Here's the timeline of this evening:

8:36pm - Meteor 1-31 Rocket (1981-065B) - 3.3 magnitude
I've spotted this one before. It's a Vostok 8A92M (Vostok-2) rocket body.

8:43pm - Nimiq 4 Tnk (2008-044B) 3.5 mag.
First first sighting of the evening. This one appeared to be strobing - It is a Russian Breeze (Briz-M) upper stage rocket tank of the Proton-M rocket. This rocket launched a telecom sat for Bell TV and EchoStar (Dish Network) - Nimiq is Inuit for 'force that binds things together'

8:49pm - SJ 12 LM Rocket (2010-027B) - 3.8 mag.
This one was a CZ-2D (Long March 2D) rocket body; launched Shijian 12 Chinese research satellite. Shijian means "practice" in Chinese. It should be noted that this rocket launched on June 15th 2010, which makes this the newest object I have seen having only been in orbit for 106 days (3 months, 14 days).
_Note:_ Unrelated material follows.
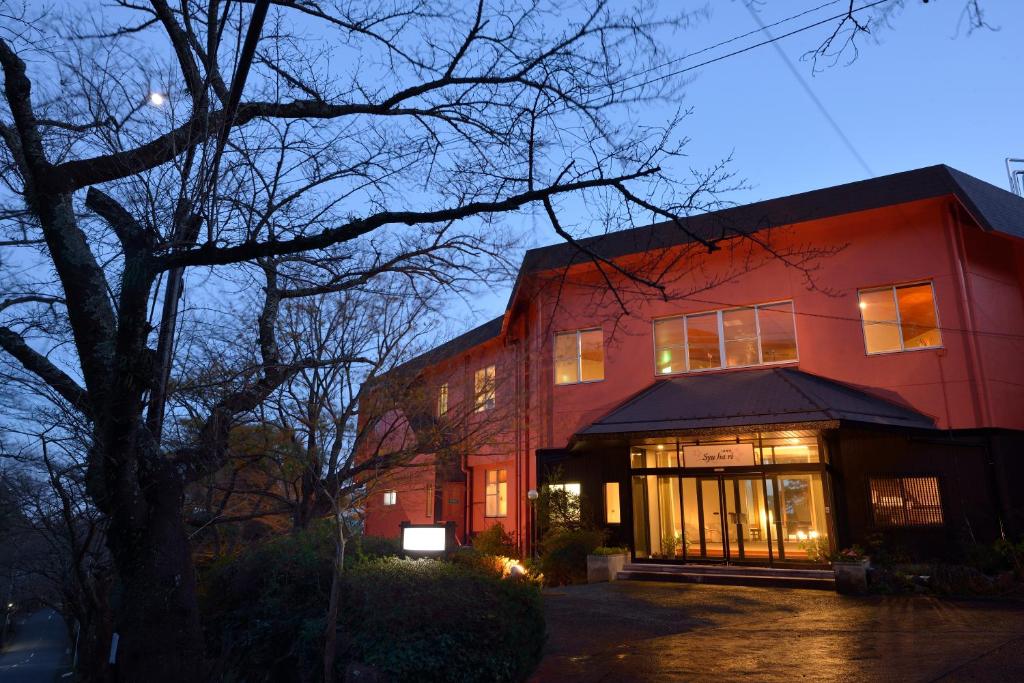 Syuhari Ryokan Exterior Night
This is my first sighting of this object.

8:51pm - Cosmos 1937 Rocket (1988-029B) - 3.4 mag.
This is my first sighting of this Kosmos-3M rocket body used to launch the Cosmos 1937 Russian military and gov't communications satellite

8:55pm - Okean 3 (1991-039A) - 4.2 mag.
This is my first sighting of Okean 3 which is an earth science sat from Russia which monitored sea-ice conditions in the Arctic Seas. According to one site, it stopped working in January of 1994 after only 3 years of service.

9:00pm - Iridium 911tum (originally named Iridium 11 but renamed after it began tumbling)(1997-030G) - 6.0 mag.
This is a tumbling iridium satellite (i.e. it's out of control and is space junk) - strobing at 6 sec intervals. This is my first sighting of this satellite.

9:04pm - Cosmos 1455 Rocket (1983-037B) - 3.1 mag.
This is my first sighting of this Tsyklon-3 rocket body used to launch the Cosmos 1455 Russian electronic intelligence satellite.

9:15pm - shooting star

9:24pm - Iridium 16 tum (1997-030F) - 7.5 mag
This is another tumbling iridium satellite - irregular pattern - 15 seconds. It's also another first sighting.

9:36pm - Cosmos 2428 (2007-029A) - 2.6 mag.